→ **What you are asked to do**
Please reproduce, exactly and with nothing else, every line from the one containing "Senior Airman Joshua" through the last line of the records below.

[Source records]
········
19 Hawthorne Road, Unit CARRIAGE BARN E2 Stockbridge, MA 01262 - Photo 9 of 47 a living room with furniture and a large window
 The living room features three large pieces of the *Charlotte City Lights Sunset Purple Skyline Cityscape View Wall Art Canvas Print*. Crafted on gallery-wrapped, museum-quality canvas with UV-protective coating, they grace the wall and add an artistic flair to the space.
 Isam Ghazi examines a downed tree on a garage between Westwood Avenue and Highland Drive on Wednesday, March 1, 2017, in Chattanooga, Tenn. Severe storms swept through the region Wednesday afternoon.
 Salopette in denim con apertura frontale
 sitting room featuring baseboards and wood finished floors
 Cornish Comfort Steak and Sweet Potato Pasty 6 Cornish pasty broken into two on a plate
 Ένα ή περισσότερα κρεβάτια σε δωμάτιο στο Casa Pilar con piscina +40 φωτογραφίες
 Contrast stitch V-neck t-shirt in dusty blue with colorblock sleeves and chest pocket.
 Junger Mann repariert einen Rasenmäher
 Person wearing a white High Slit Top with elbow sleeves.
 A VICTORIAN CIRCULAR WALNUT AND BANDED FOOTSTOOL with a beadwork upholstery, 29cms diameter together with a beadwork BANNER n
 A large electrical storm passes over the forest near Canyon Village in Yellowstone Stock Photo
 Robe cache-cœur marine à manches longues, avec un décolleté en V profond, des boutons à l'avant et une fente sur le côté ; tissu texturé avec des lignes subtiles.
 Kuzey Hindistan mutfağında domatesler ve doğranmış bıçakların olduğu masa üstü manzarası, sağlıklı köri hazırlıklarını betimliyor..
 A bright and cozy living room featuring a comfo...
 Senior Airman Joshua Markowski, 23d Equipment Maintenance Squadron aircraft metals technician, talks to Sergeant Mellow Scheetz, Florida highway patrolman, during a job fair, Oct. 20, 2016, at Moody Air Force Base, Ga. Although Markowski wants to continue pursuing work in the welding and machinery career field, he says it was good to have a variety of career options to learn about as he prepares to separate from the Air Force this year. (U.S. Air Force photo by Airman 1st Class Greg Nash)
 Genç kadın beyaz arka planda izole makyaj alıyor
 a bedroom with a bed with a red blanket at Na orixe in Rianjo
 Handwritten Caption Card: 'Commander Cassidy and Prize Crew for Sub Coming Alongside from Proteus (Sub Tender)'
········
→ **Result of the task**
 Senior Airman Joshua Markowski, 23d Equipment Maintenance Squadron aircraft metals technician, talks to Sergeant Mellow Scheetz, Florida highway patrolman, during a job fair, Oct. 20, 2016, at Moody Air Force Base, Ga. Although Markowski wants to continue pursuing work in the welding and machinery career field, he says it was good to have a variety of career options to learn about as he prepares to separate from the Air Force this year. (U.S. Air Force photo by Airman 1st Class Greg Nash)
 Genç kadın beyaz arka planda izole makyaj alıyor
 a bedroom with a bed with a red blanket at Na orixe in Rianjo
 Handwritten Caption Card: 'Commander Cassidy and Prize Crew for Sub Coming Alongside from Proteus (Sub Tender)'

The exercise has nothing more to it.